_WHAT TO WORK ON_
Would you repeat each line below exactly, without the pictures?

_SOURCE MATERIAL_

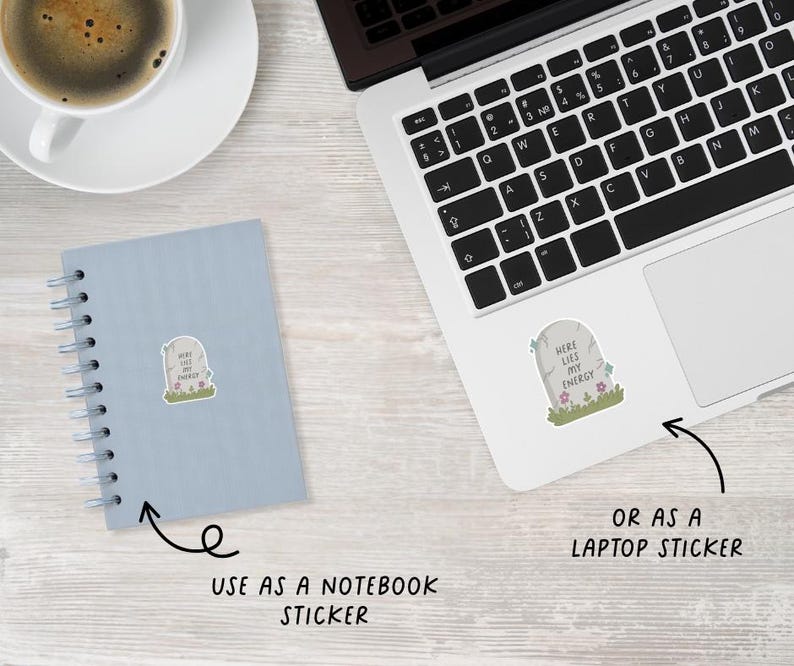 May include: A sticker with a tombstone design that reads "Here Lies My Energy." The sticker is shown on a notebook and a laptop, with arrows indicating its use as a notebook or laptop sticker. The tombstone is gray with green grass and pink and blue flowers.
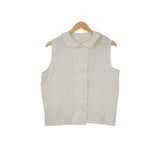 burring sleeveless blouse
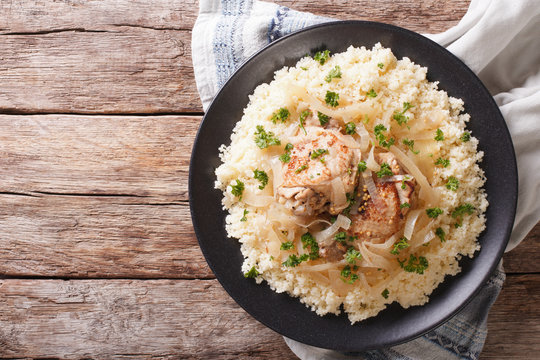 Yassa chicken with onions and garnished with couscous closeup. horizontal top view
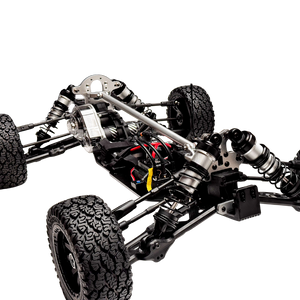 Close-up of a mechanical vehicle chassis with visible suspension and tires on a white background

_RESULT FOR THIS EXERCISE_
 May include: A sticker with a tombstone design that reads "Here Lies My Energy." The sticker is shown on a notebook and a laptop, with arrows indicating its use as a notebook or laptop sticker. The tombstone is gray with green grass and pink and blue flowers.
 burring sleeveless blouse
 Yassa chicken with onions and garnished with couscous closeup. horizontal top view
 Close-up of a mechanical vehicle chassis with visible suspension and tires on a white background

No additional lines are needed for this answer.